The SCBs/DCCBs have been instructed now:
1. To transfer assets and liabilities of PACS to DCCBs/SCBs
2. The assets of PACS arising out of all lending operations will stand transferred to the books of DCCBs /SCBs along with the related liabilities.
3. All deposits collected by the PACS would also be transferred to the DCCBs/SCBs.
4. PACS will not accept deposits on its account and will not do lending operation of any kind on its behalf henceforth under the arrangement.
5. However, they will carry out the services both in respect of lending operations and collection of deposits on behalf of DCCBs on pre-decided commission or fee basis.
6. PACS would, however, do other businesses as an independent entity out of its own fund and earn income.
7. The share capital mobilised by the PACS from its members by way of share linked capital of the loans provided will now stand transferred to the books of DCCBs/SCBs and form part of share capital of DCCBs.
8. The borrowing members and the depositors will have to become the members of DCCBs/SCBs.
9. DCCBs/SCBs will make arrangements to ensure transfer of relevant securities /documents executed in the name of PACS on its name.
10. Necessary arrangements be entered into between the PACS and DCCBs/SCBs to ensure implementation of the above directives.
These do not form part of the recommendations of the RBI Expert Committee.
NABARD’s ostensible intention to separate the core from non-core business of PACS has been pushed with these instructions without equipping the system to handle them.
Second, it has failed to implement business development plans in PACS for three decades of its supervision and now it wants to drive them to a corner.
Third, it tolerated indiscipline in accounting standards and State audits of the PACS, DCCBs and even SCBs to a large degree until Vaidyanathan Committee designed the relief package conditioned by the introduction of proper accounting, audit, professional management and technology as also appropriate legal amendments to the State Cooperative laws.

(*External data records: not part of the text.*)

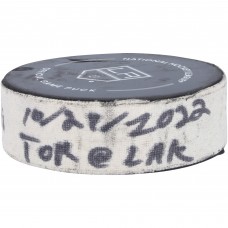 Шайба Gabriel Vilardi Los Angeles Kings Fanatics Authentic Game-Used Goal from October 29, 2022 vs. Toronto Maple Leafs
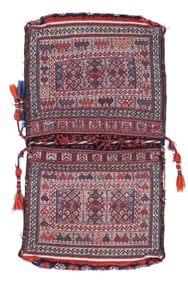 Luri Bakhtiari Saddlebags, Persia, Early 20th C., 1'10'' x 3'4''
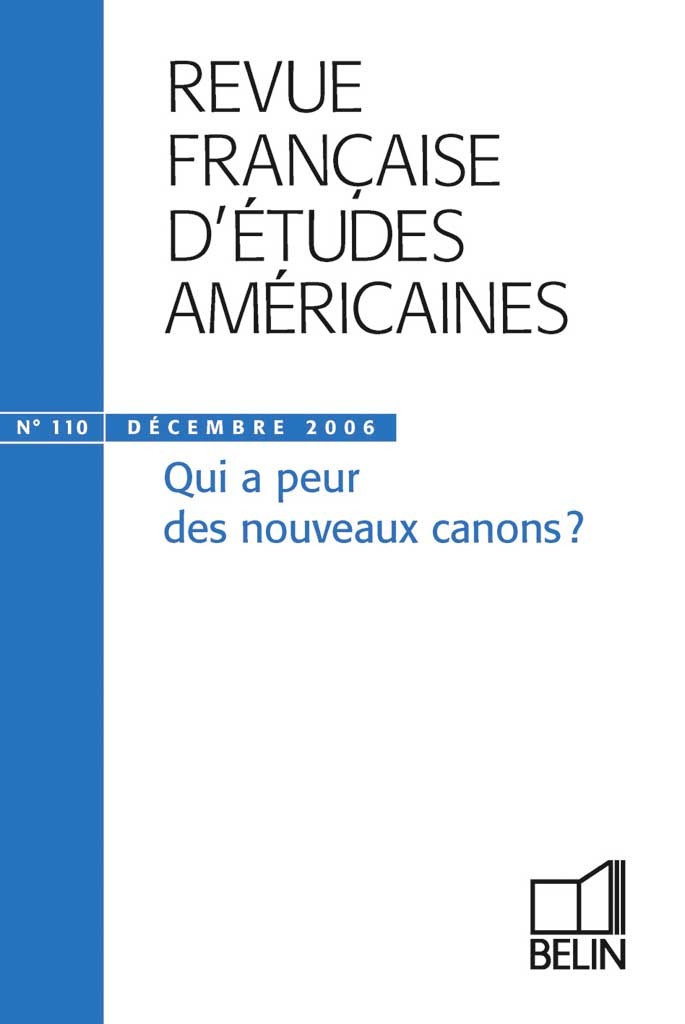 RFEA N°110 (2006-4)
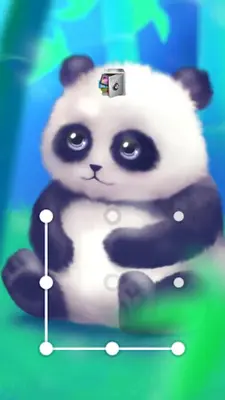 AppLock Live Theme Panda android App screenshot 1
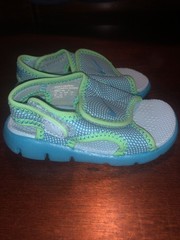 Nike Sunray Adjust Sandals Sz 5C Still Blue/Cholorine Blue Unisex Kids Boy Girl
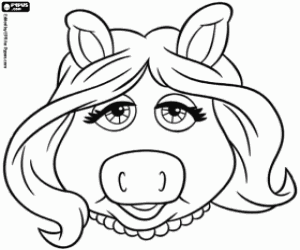 Pintar La màscara de Miss Piggy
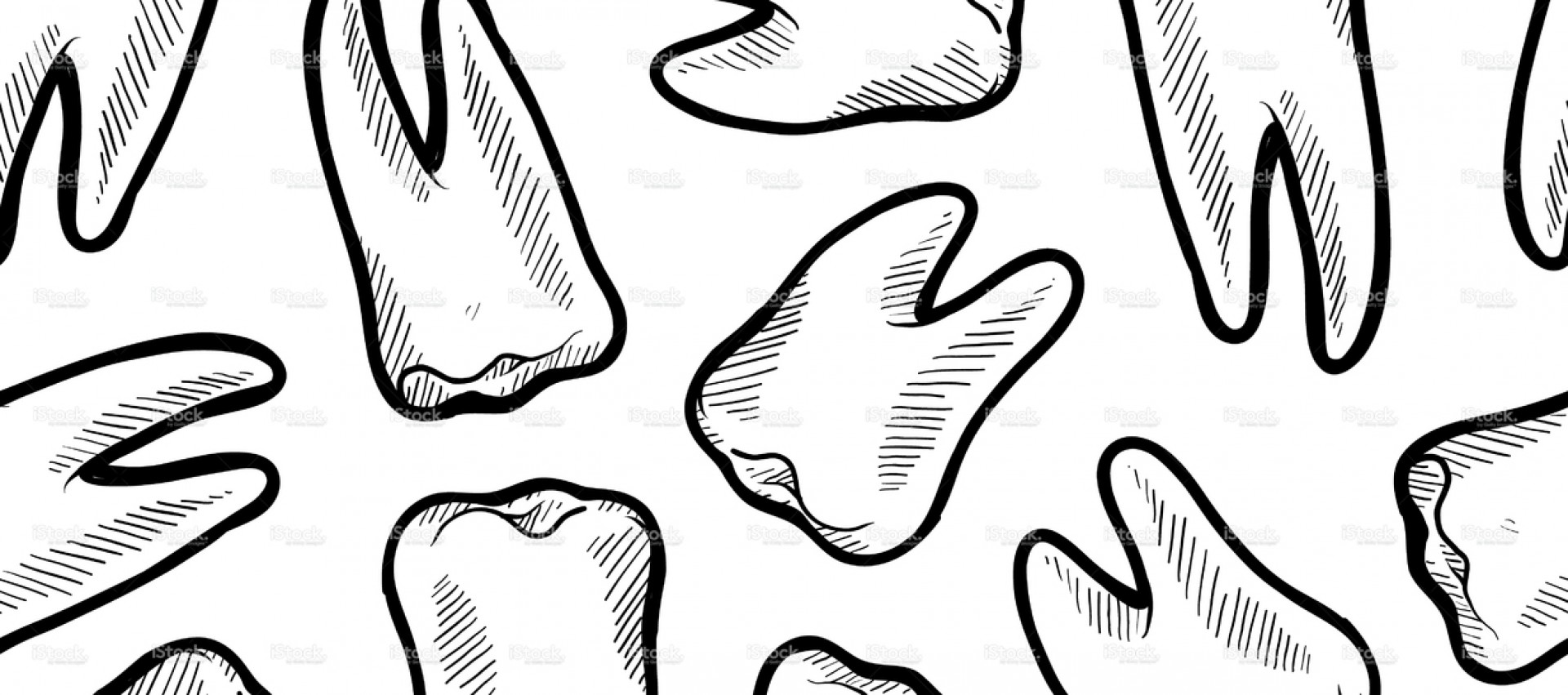 1920x851 Cropped Stock Illustration 21196987 Seamless Tooth Dental Vector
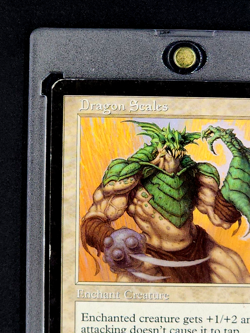 2003 MTG Magic The Gathering Scourge #10 Dragon Scales White *Only Printing* - Image 3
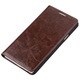 Hudson Samsung Galaxy S6 Genuine Leather Folio Flip Book Wallet Protective Case
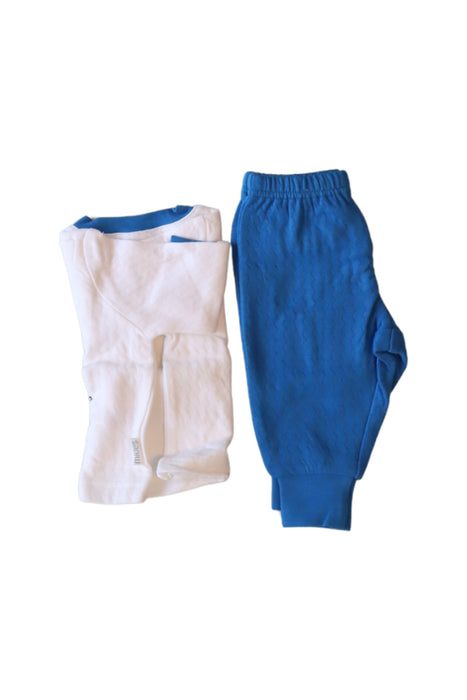 A White Pyjama Sets from Mides in size 3-6M for boy. (Back View)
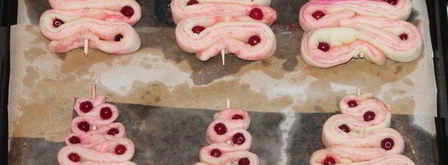 рождественские булочки-елочки. Шаг 14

Under its supervision, none of the DCCBs have the history of closing the books of accounts at the end of the year on the 31st March.
Even after the relief package has been handed down NABARD has not been able to monitor these changes systematically and systemically resulting in misuse and even abuse of the relief package.
The compromises led the RBI to re-examine the structural weaknesses of the Short Term Rural Cooperative Credit Structure (RCCS) through the constitution of an Expert Committee just an year back under the Chairmanship of Dr Prakash Bakshi and he is also the Chairman of NABARD, a point to be noted.
The Expert Committee was unequivocal in its recommendation that PACS are the foundation of the RCCS and but for them credit to small and marginal farmers would have been a severe casualty as the commercial banks and the reformed RRBs are interested in commercially viable medium and large farmers and not the economically weak and socially desirable clientele, the small and marginal farmers. This would mean that PACS as lending institutions for agriculture have a distinct place and needs to be preserved.
In Cooperatives of all hues, credit access is available only for members while deposits can be placed at the depositors’ own risk. Members while taking credit also contribute to the share capital in certain agreed proportion. States are conveniently barred from providing capital to the RCCS beyond 25% and have been granted autonomy.
In the meantime, following the recommendations of the first Financial Stability Report (Dr Rakesh Mohan), the DCCBs have all been licensed under liberal capital adequacy norms by April 2013, just a year off the scheduled date and have been brought into mainstream banking, with some of them adopting even core banking solutions.
Deposits can be secured by the PACS but without the Deposit Insurance Credit Guarantee Corporation of India cover. Therefore, even for doing non-core business capital cannot be accessed by them. Once the DCCBs seize all the assets of PACS, the later would not have any collateral to raise the resources from other lending institutions.
The latest instruction that the Societies shall do their non-core business only with their own capital and their core lending business for farm and non-farm activities can be done only for and on behalf of the DCCBs/SCBs cuts at the root of PACS on one hand, and negates the financial inclusion agenda of the government on the other.
In the absence of PACS, the DCCBs/SCBs have to go in for restructuring.  The States have to amend their regulations to permit the DCCBs to do direct lending to farmers by taking them as members and shareholders simultaneously. Elections to the Boards of DCCBs have to be held from this larger constituency and representative General Body has to be defined in the Amended Cooperative Acts. Depositors cannot be members as of now.
PACS today serve at best as political platform thanks to the willful neglect of NABARD for decades to bring about financial discipline and to protect equity among them. The States and Centre are too busy at the moment carving out strategies for 2014 General Elections. Legal remedies also seem to be at distance with the annulment of 97th Constitution Amendment Act 2011 except for Article 19 Section 4 (C) that only gives the fundamental right for formation of cooperative society and the definition of such society. Therefore, NABARD chose this time with gay abandon to dump the PACS into economic garbage.
- Yerram Raju 

*The Author is Member, RBI Expert Committee on STCCS.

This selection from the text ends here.